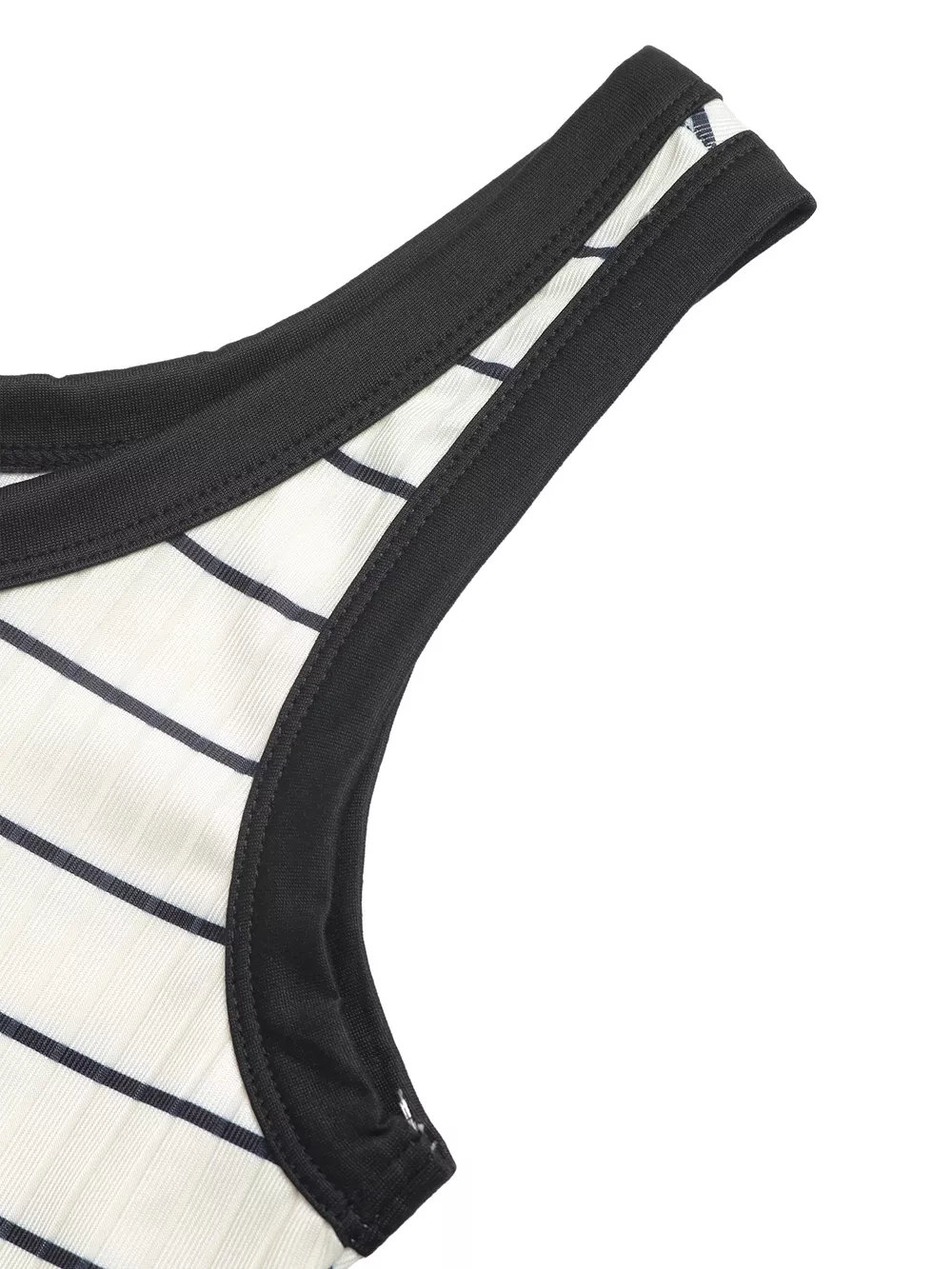 Striped Sleeveless Ribbed Knit Midi Dress, image 9
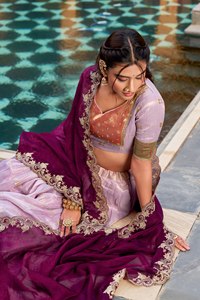 Vêtements traditionnels indiens et pakistanais, Lehenga Choli pour femmes, pour les mariages et les festivals, prix de gros - Product Image 2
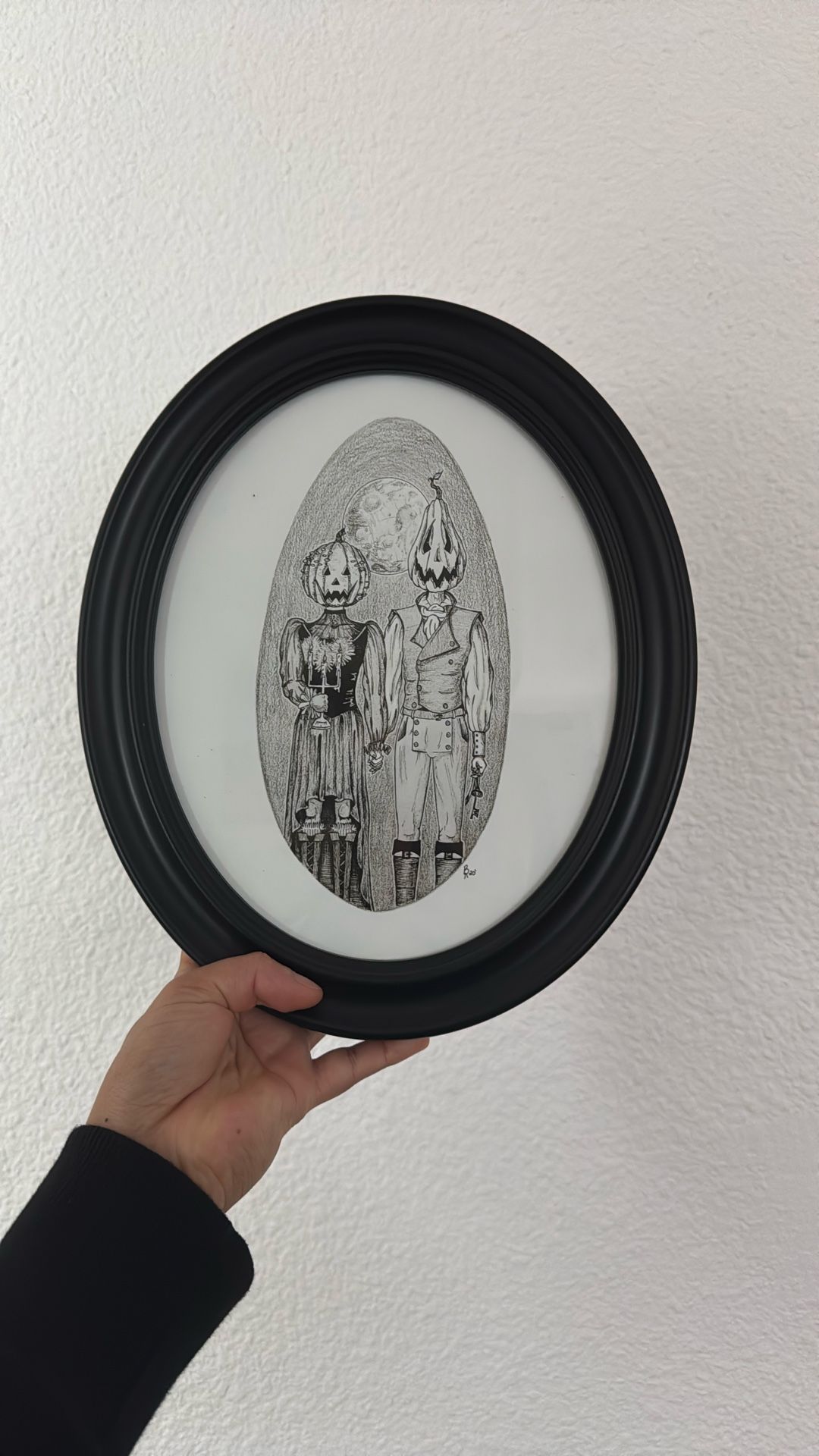 Pumpkin People Art Print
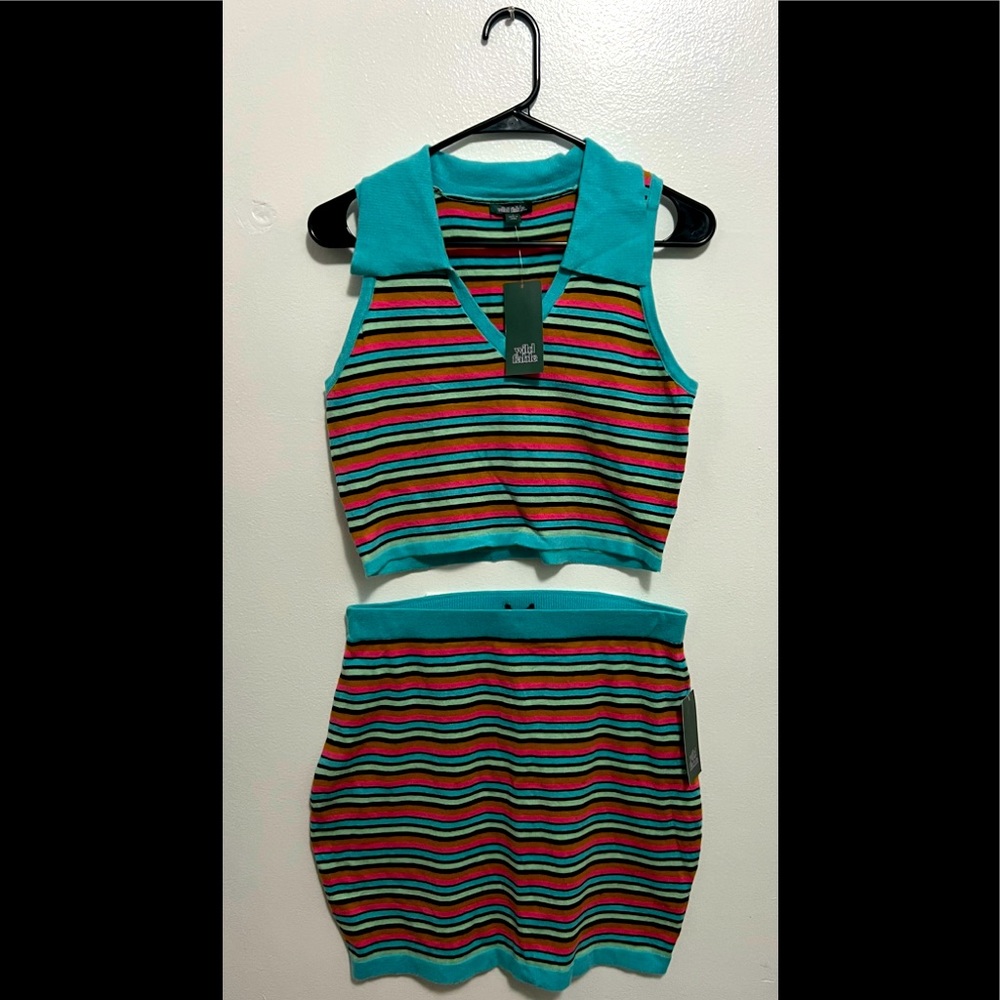 (Final Price) Matching top and skirt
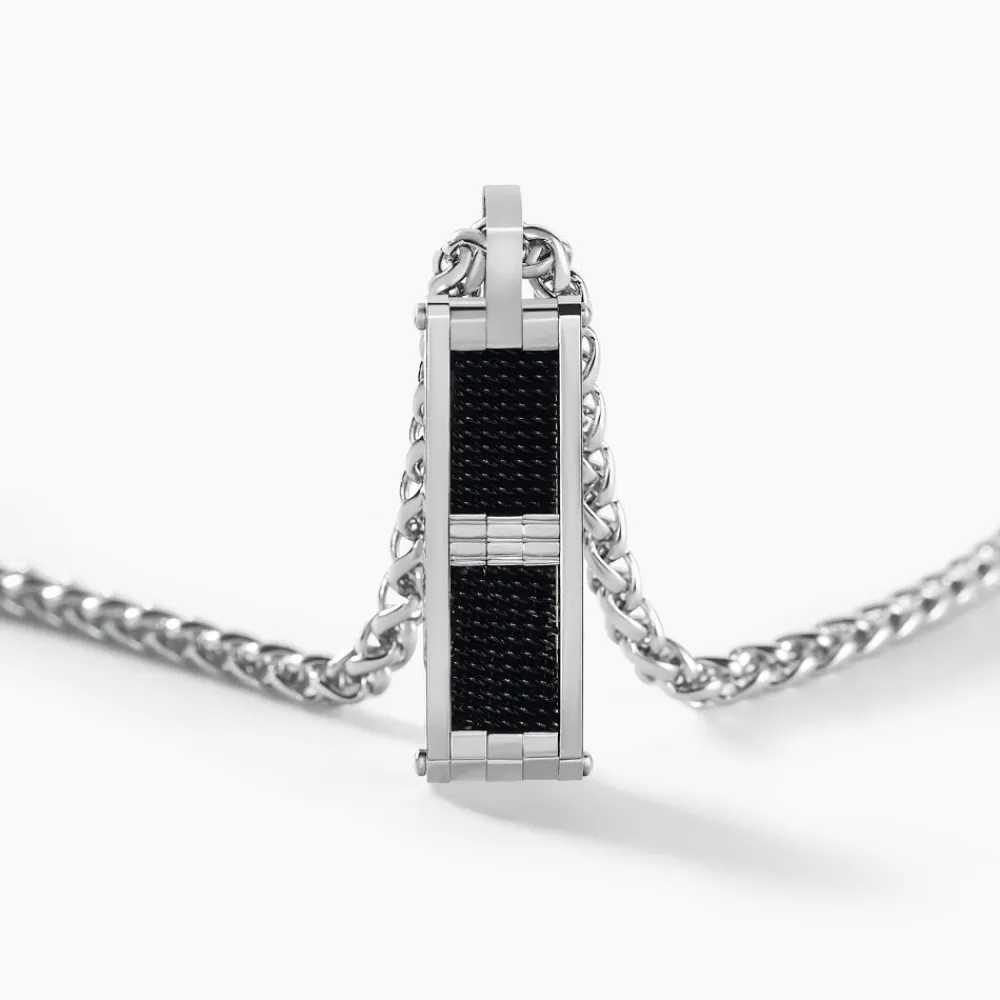 Collier Messy Acier Blanc|JOURDAN Online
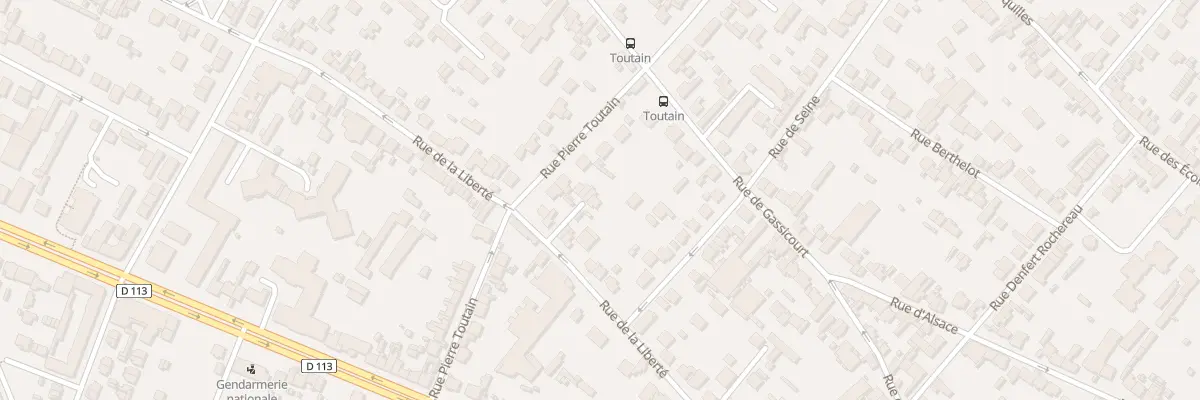 Plan du 28B Rue de la Liberté à Mantes-la-Jolie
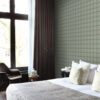 Origin Wallcoverings tapeet rombimotiiv - hallikasroheline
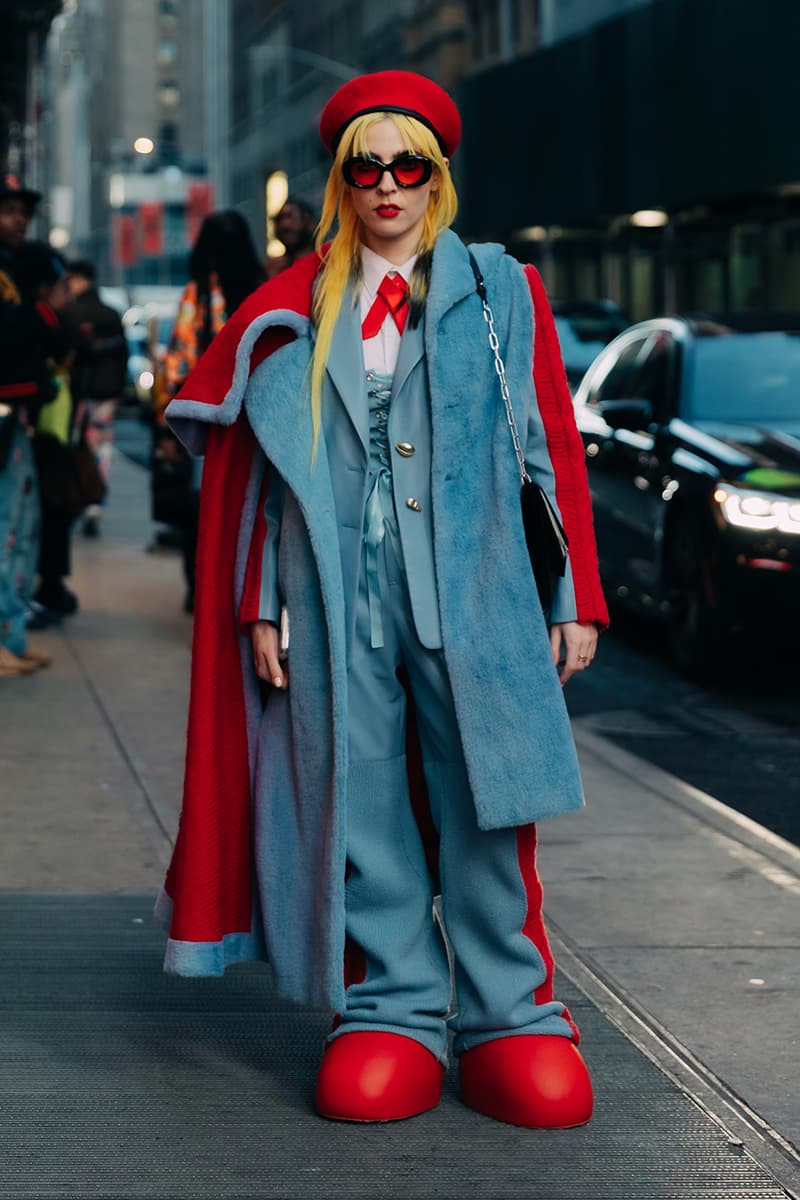 New York Fashion Week FW23 Street Style Evoked the True Big Apple Charisma fall winter 2023 who decides war thom browne laquan smith coach eckhaus latta heron preston dion lee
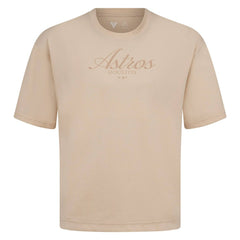 Houston Astros Levelwear Ethereal Oversized Luxe Signature Knit T-Shirt - MLB T-shirts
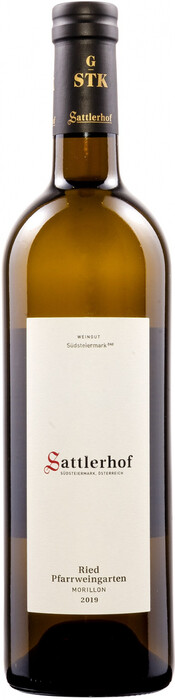 Вино Sattlerhof, "Pfarrweingarten" Morillon, Sudsteiermark DAC 2019 750 мл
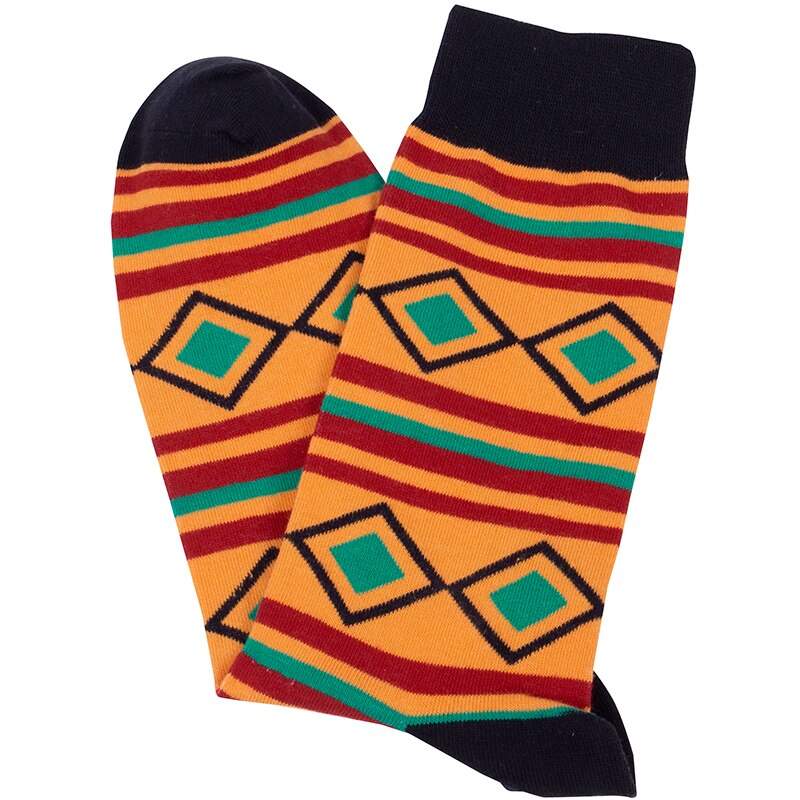 3 Pairs For Socks African Print Striped Lattice Colorful Soft Socks Leisure Skateboard Socks Funny Multicolor: 536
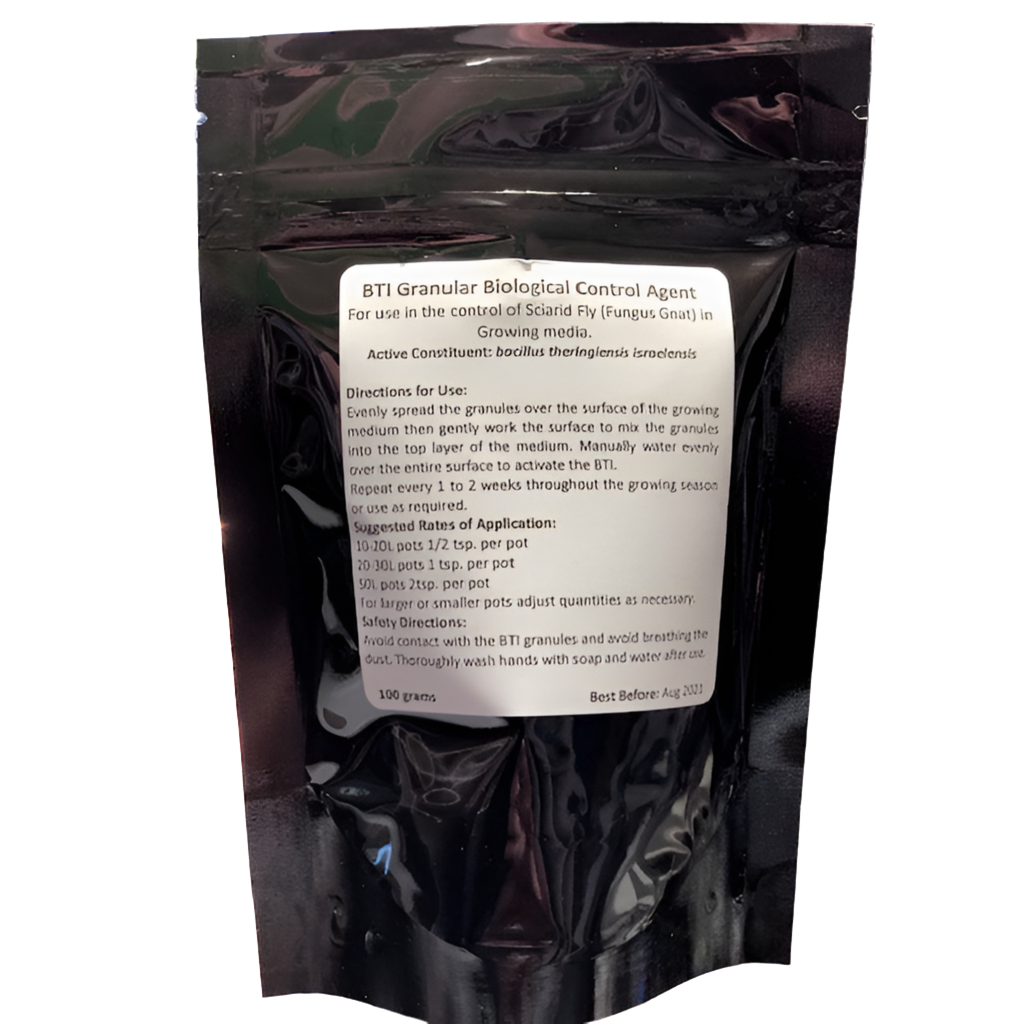 BTI-Biological Fungus Gnat (Scarid Fly) Control Granules-Natural, Long-Lasting Protection for Your Plants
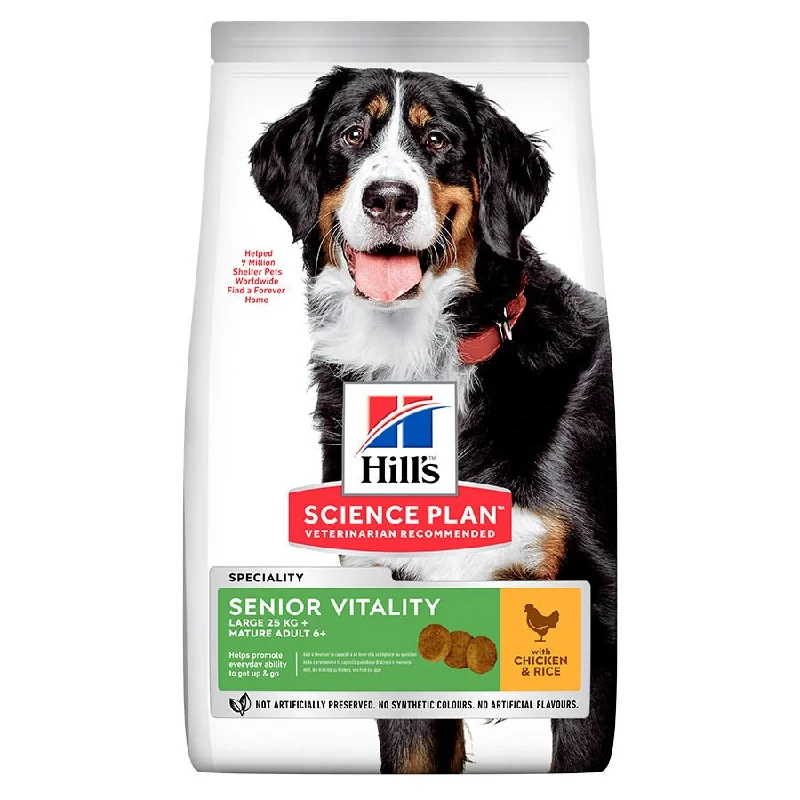 Hill's Science Plan Adult 6+ Senior Vitality Large Breed Chicken Dog Food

◆ **WHAT YOU WILL DO**
Would you transcribe exactly, and only, the lines from the one containing "Plan du 28B" through the last line of the records above, both included, leaving out the pictures?

◆ **RESULT FOR THIS EXERCISE**
 Plan du 28B Rue de la Liberté à Mantes-la-Jolie
 Origin Wallcoverings tapeet rombimotiiv - hallikasroheline
 New York Fashion Week FW23 Street Style Evoked the True Big Apple Charisma fall winter 2023 who decides war thom browne laquan smith coach eckhaus latta heron preston dion lee
 Houston Astros Levelwear Ethereal Oversized Luxe Signature Knit T-Shirt - MLB T-shirts
 Вино Sattlerhof, "Pfarrweingarten" Morillon, Sudsteiermark DAC 2019 750 мл
 3 Pairs For Socks African Print Striped Lattice Colorful Soft Socks Leisure Skateboard Socks Funny Multicolor: 536
 BTI-Biological Fungus Gnat (Scarid Fly) Control Granules-Natural, Long-Lasting Protection for Your Plants
 Hill's Science Plan Adult 6+ Senior Vitality Large Breed Chicken Dog Food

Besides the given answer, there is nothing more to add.